I have never used minidumps, someone else should help you with that! It is just that I have never needed to look for one up to this day. Found lot of info on them just using Google.

Good turn around on the power supply.

Re boots could point to faulty RAM, just check any memtest. At the same time try under clocking your processor (if it is set to 200MHz lower to 133MHz or even 100MHz just to see how things run making sure your RAM follows your FSB).

Is the BIOS on your 9800 the original? Are you using RAM sink or have you done any modifications?

Can you give me your 9800's part number from the PCB if possible?

Since you haven't replied, should I assume you have already fixed this? I hope so :)
 
What I did was take the two older RAM sticks out and have left them out. I was just talking to a friend of mine today at the gym who suggested putting the RAM sticks back in and underclock it, the same as you have suggested. I think the P4C800 Deluxe can handle a 400 MHZ FSB for memory, but maybe it drops a bit when all four DIMM slots are occupied. Since those RAM sticks have been taken out (and uninstalling ZoneAlarm Pro), the errors and problems seem to have stopped. I just was playing Far Cry at 1024x768 with the graphics ramped up and it didn't hiccup even once. Madden 05 plays without any lag.
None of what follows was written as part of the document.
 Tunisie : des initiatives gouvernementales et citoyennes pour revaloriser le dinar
I think that when I have some time I'll pull out the tower and put them back in while lowering the RAM bus a notch or two on the BIOS. My BIOS is updated, as well as the Catalyst drivers.

My monitor is ancient (it's an old MAG CRT monitor, I have delayed getting an LCD monitor due to ghosting issues that I know once existed and due to the fact that my three year old would probably push it over). Can a monitor affect the quality of the card?